● **PROBLEM TO SOLVE**: For the records shown below, return an exact copy that excludes the pictures.

*** EXTRACTED RECORDS ***

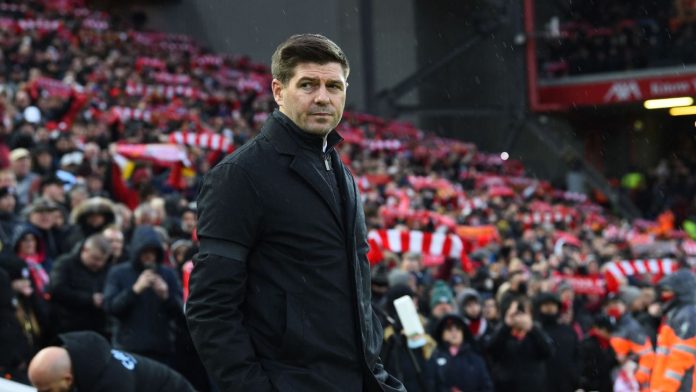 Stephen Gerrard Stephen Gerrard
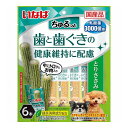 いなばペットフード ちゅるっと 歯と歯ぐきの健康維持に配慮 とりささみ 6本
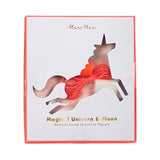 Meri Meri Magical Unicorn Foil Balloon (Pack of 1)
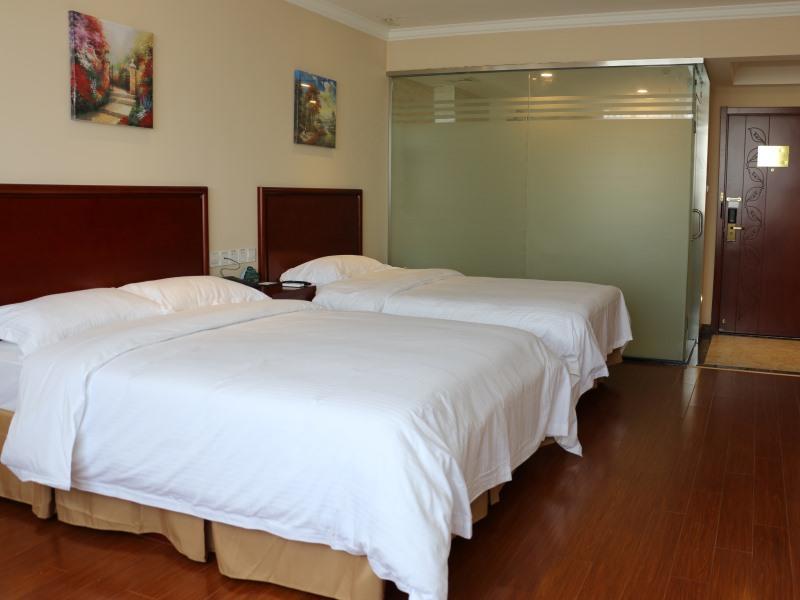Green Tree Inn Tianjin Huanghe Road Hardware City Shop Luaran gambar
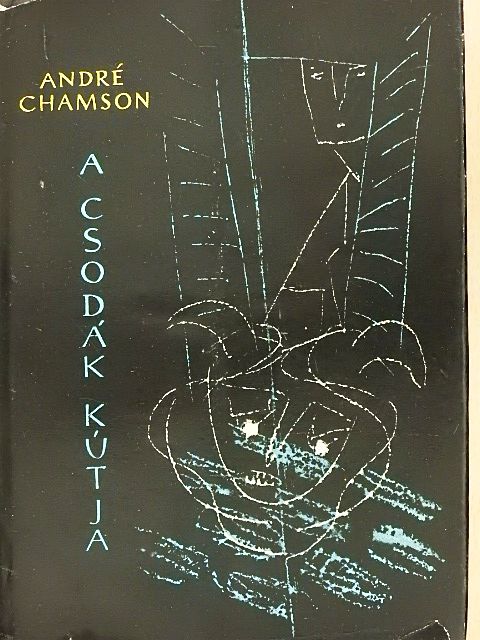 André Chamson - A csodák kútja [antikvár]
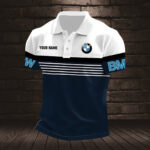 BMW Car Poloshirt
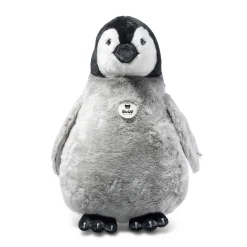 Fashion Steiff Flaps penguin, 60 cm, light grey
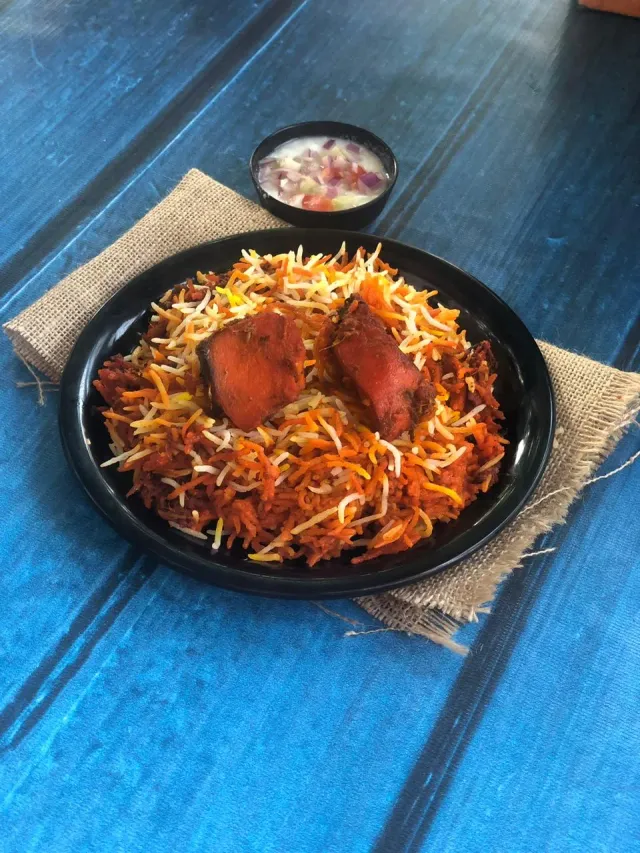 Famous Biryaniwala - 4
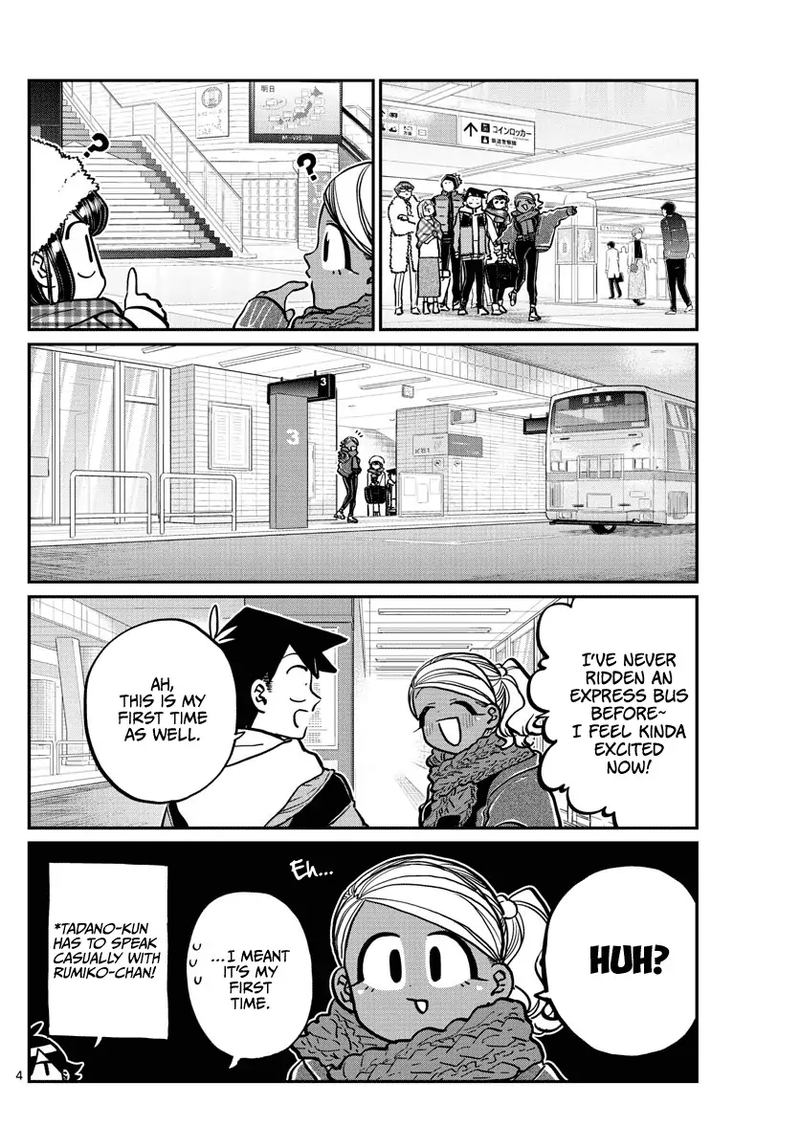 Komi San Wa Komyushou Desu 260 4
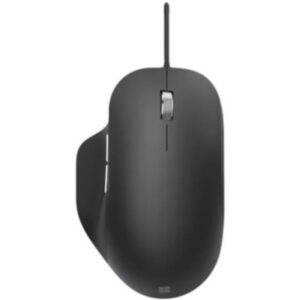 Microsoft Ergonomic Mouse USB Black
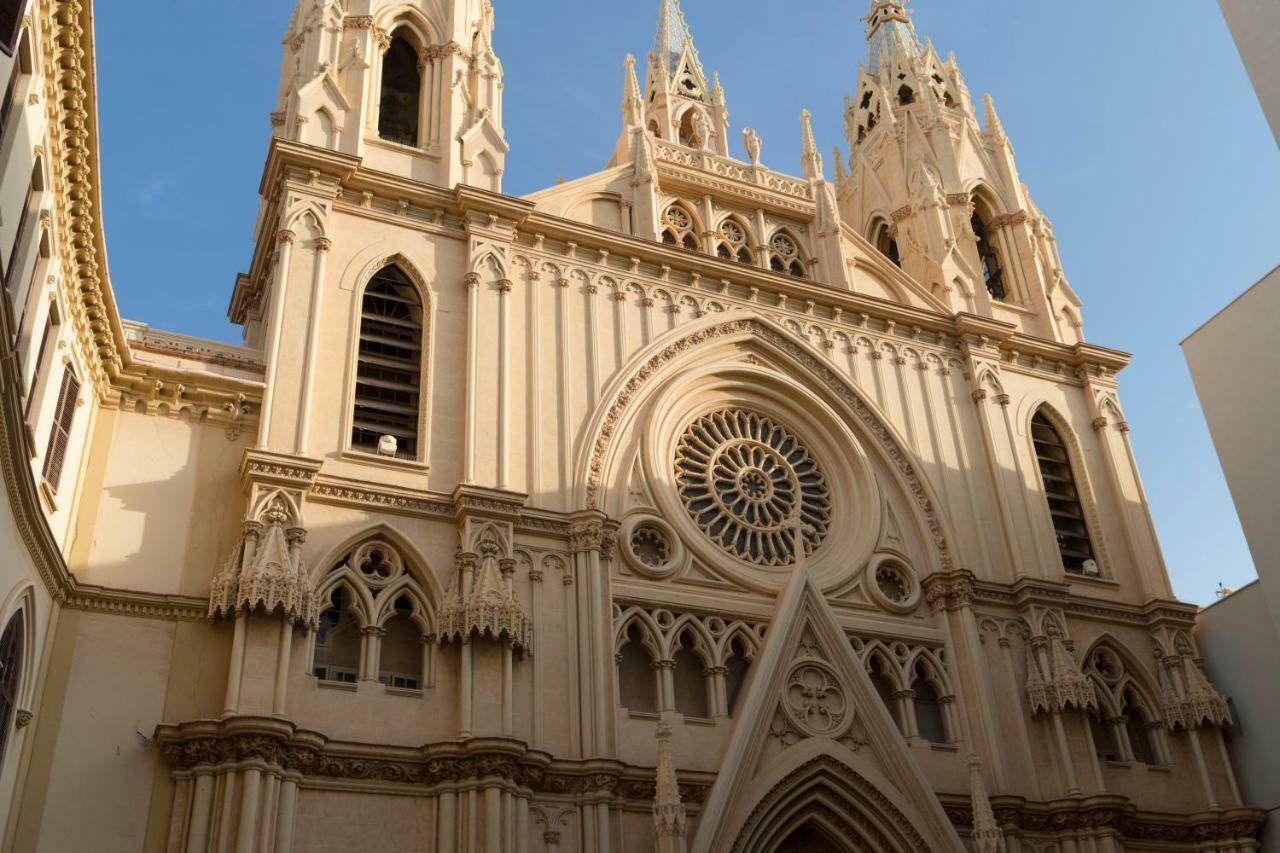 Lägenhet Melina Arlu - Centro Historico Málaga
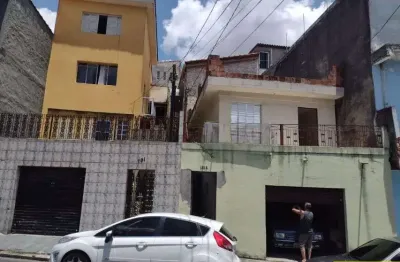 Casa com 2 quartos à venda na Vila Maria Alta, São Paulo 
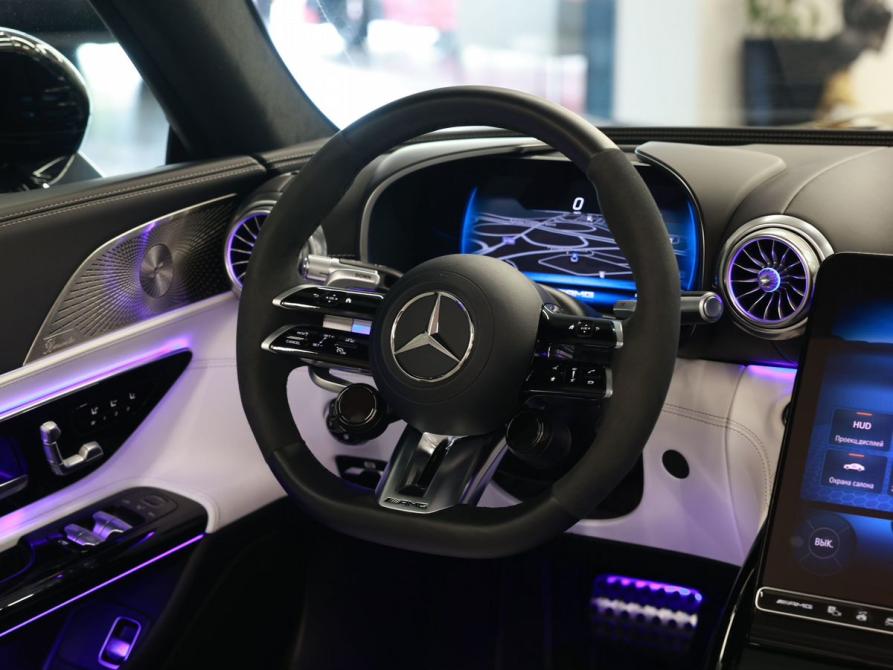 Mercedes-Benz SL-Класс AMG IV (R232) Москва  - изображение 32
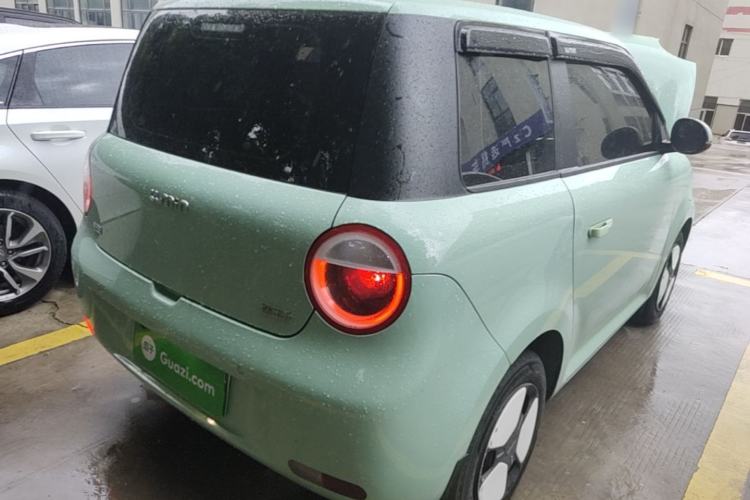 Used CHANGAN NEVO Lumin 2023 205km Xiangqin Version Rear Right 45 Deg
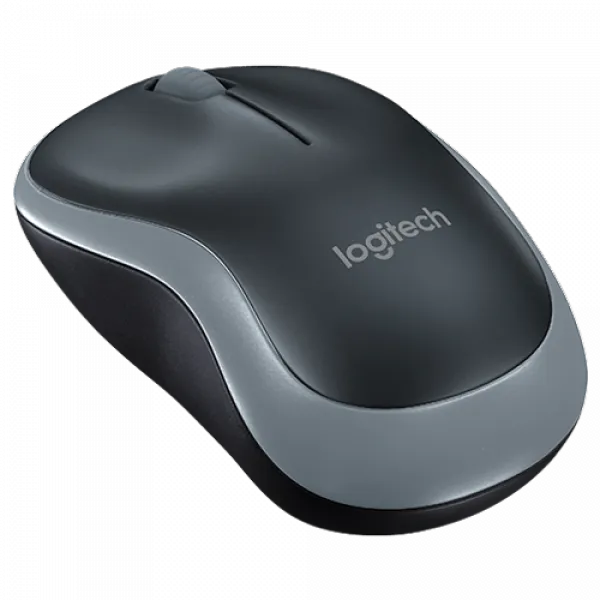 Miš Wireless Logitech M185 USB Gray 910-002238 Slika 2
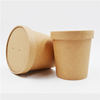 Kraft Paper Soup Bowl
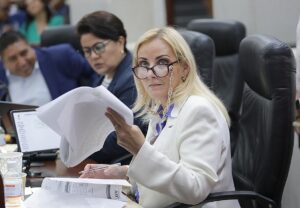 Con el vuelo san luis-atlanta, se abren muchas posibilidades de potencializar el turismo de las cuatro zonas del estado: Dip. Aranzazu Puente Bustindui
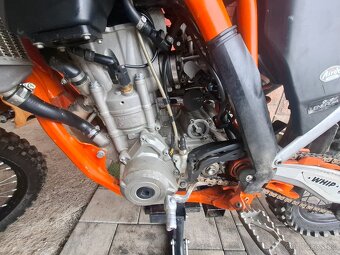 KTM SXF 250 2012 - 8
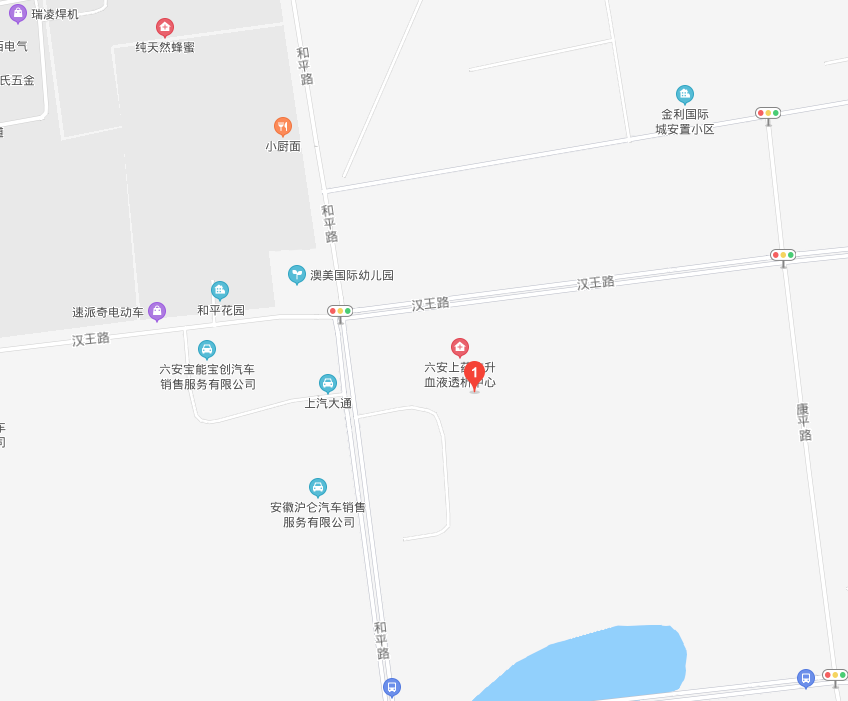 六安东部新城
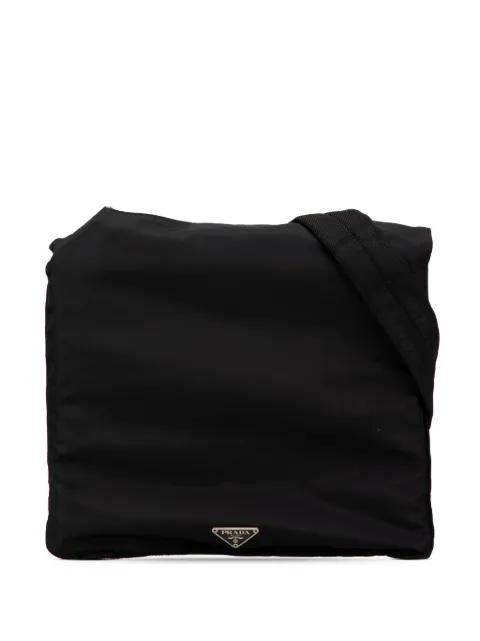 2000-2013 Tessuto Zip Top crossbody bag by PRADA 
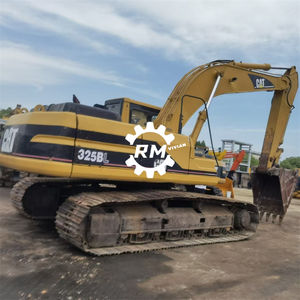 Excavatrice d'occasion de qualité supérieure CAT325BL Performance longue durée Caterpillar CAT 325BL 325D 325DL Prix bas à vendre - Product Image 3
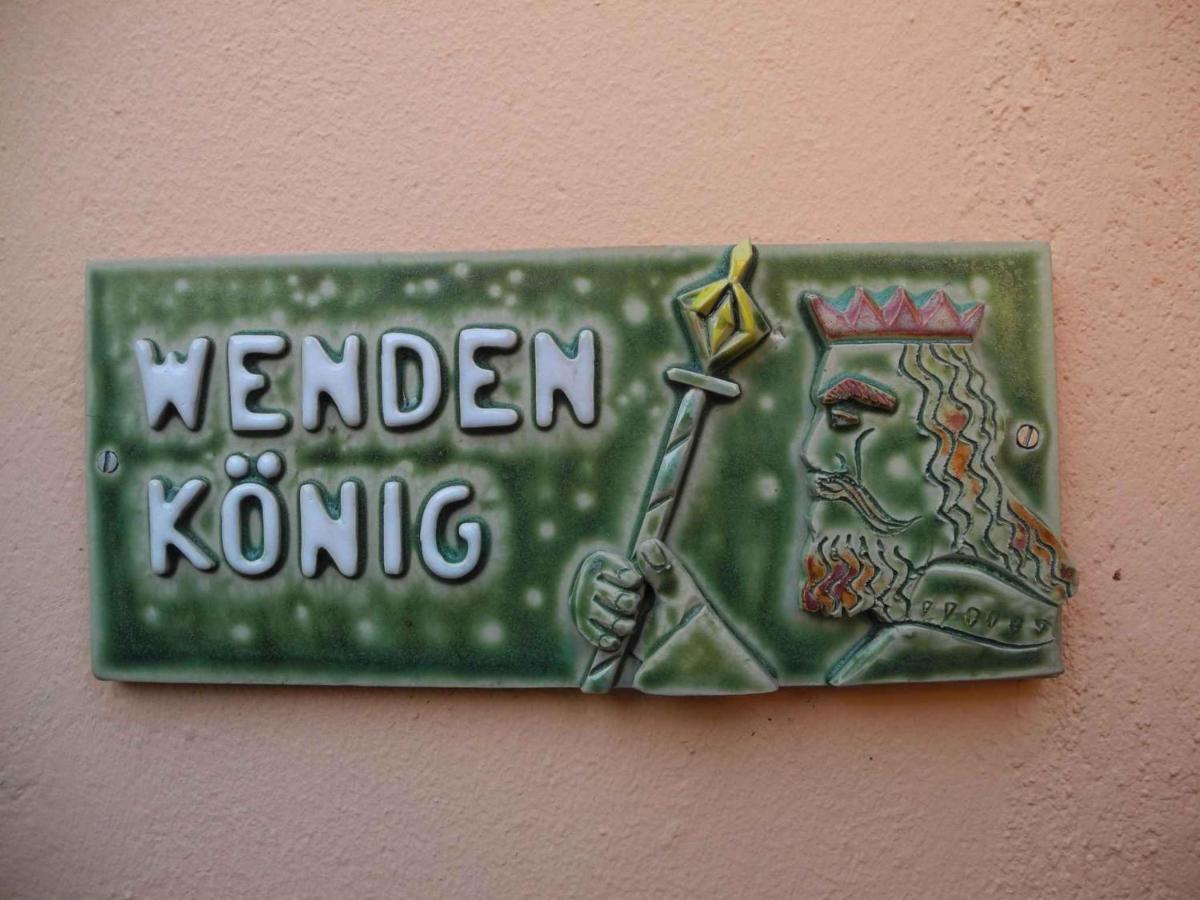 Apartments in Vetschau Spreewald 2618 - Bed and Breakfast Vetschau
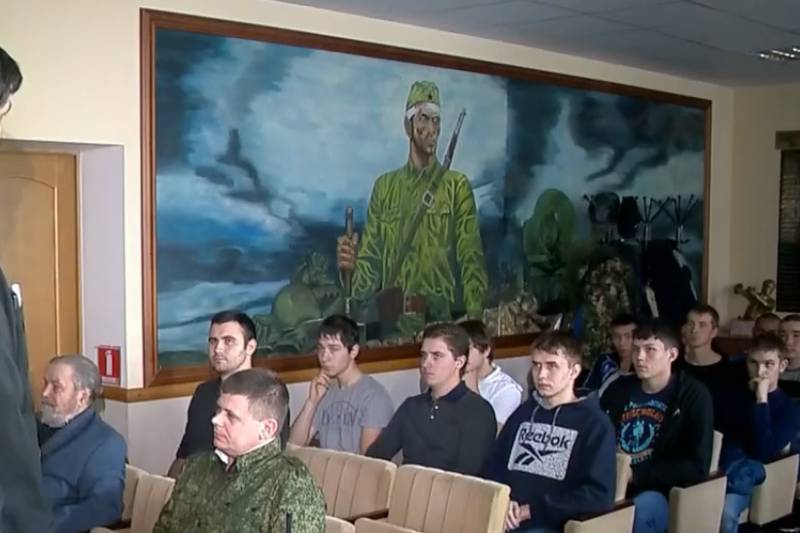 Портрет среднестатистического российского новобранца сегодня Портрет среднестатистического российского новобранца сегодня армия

***

● **RESPONSE TO THIS EXERCISE**:
 Stephen Gerrard Stephen Gerrard
 いなばペットフード ちゅるっと 歯と歯ぐきの健康維持に配慮 とりささみ 6本
 Meri Meri Magical Unicorn Foil Balloon (Pack of 1)
Green Tree Inn Tianjin Huanghe Road Hardware City Shop Luaran gambar
 André Chamson - A csodák kútja [antikvár]
 BMW Car Poloshirt
 Fashion Steiff Flaps penguin, 60 cm, light grey
 Famous Biryaniwala - 4
 Komi San Wa Komyushou Desu 260 4
 Microsoft Ergonomic Mouse USB Black
 Lägenhet Melina Arlu - Centro Historico Málaga
 Casa com 2 quartos à venda na Vila Maria Alta, São Paulo 
 Mercedes-Benz SL-Класс AMG IV (R232) Москва  - изображение 32
 Used CHANGAN NEVO Lumin 2023 205km Xiangqin Version Rear Right 45 Deg
 Miš Wireless Logitech M185 USB Gray 910-002238 Slika 2
 Kraft Paper Soup Bowl
 Con el vuelo san luis-atlanta, se abren muchas posibilidades de potencializar el turismo de las cuatro zonas del estado: Dip. Aranzazu Puente Bustindui
 KTM SXF 250 2012 - 8
 六安东部新城
 2000-2013 Tessuto Zip Top crossbody bag by PRADA 
 Excavatrice d'occasion de qualité supérieure CAT325BL Performance longue durée Caterpillar CAT 325BL 325D 325DL Prix bas à vendre - Product Image 3
 Apartments in Vetschau Spreewald 2618 - Bed and Breakfast Vetschau
 Портрет среднестатистического российского новобранца сегодня Портрет среднестатистического российского новобранца сегодня армия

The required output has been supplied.